This week I encountered a blog regarding Anti-Patterns. As we have learned, design patterns are reusable solutions to common problems and provide a way for us developers to solve problems in a proven way, rather than trying to reinvent the wheel every time a problem was to arise. On the other hand, Anti-patterns are unhelpful or ineffective approaches to problem solving that can negatively impact the efficiency and effectiveness of our work.
Some common examples of anti-patterns include:
- The Golden Hammer, which is when a specific tool or approach is overused or applied to every problem. I can personally say that I’ve fallen into this trap as I would always use the same programming language or framework to write code and would come to a standstill not knowing what to do next. Little did I know there were more suitable options that could’ve made my job easier and the end product more efficient.
- The God Class antipattern, occurs when a single class in a software system becomes excessively large and complex, with too many responsibilities. I believe all developers including myself, at one point or another, created a class with too many responsibilities and would wonder why we have issues in our code. This would even violate the Single Responsibility Principle as each class should only have one key responsibility.

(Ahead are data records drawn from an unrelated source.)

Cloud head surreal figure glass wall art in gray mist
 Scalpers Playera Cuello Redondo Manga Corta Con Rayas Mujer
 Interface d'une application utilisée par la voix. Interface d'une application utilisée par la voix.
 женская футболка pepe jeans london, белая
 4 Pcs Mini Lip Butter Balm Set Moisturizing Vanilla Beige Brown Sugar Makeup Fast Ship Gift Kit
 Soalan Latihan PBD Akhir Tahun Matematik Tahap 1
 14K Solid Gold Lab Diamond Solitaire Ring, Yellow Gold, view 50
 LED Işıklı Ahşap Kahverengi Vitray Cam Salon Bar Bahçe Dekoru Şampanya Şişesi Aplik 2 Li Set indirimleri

- The Big Ball of Mud antipattern, is when a solution lacks a clear and flexible architecture. As a program developer, I’ve encountered the big ball of mud antipattern and it can be a major source of frustration and inefficiency. Working with a system that has become a “big ball of mud” can be extremely difficult, as it can be nearly impossible to understand how the different parts of the system fit together and what each component is responsible for. This can make it difficult to make changes to our code, as it is unclear how those changes will impact other parts of our code.
- The Copy and Paste Programming antipattern, is where code is copied and pasted from other sources without proper understanding or modification. I believe every programmer at one point found code that they believed they could reuse from another program and placed it into their new program. The program may work, but it causes many bugs and becomes difficult to later make changes.
Overall, as important as design patterns are to follow, sometimes we will fall into the trap of an antipattern. In my own experience, I have fallen into the trap of using anti-patterns in my code. Now knowing how to avoid these patterns going forward, I’ll be able to recognize and avoid antipatterns and leverage design patterns that can help to create more effective and efficient code. By doing so, anyone can better achieve their coding goals and improve the quality of their work.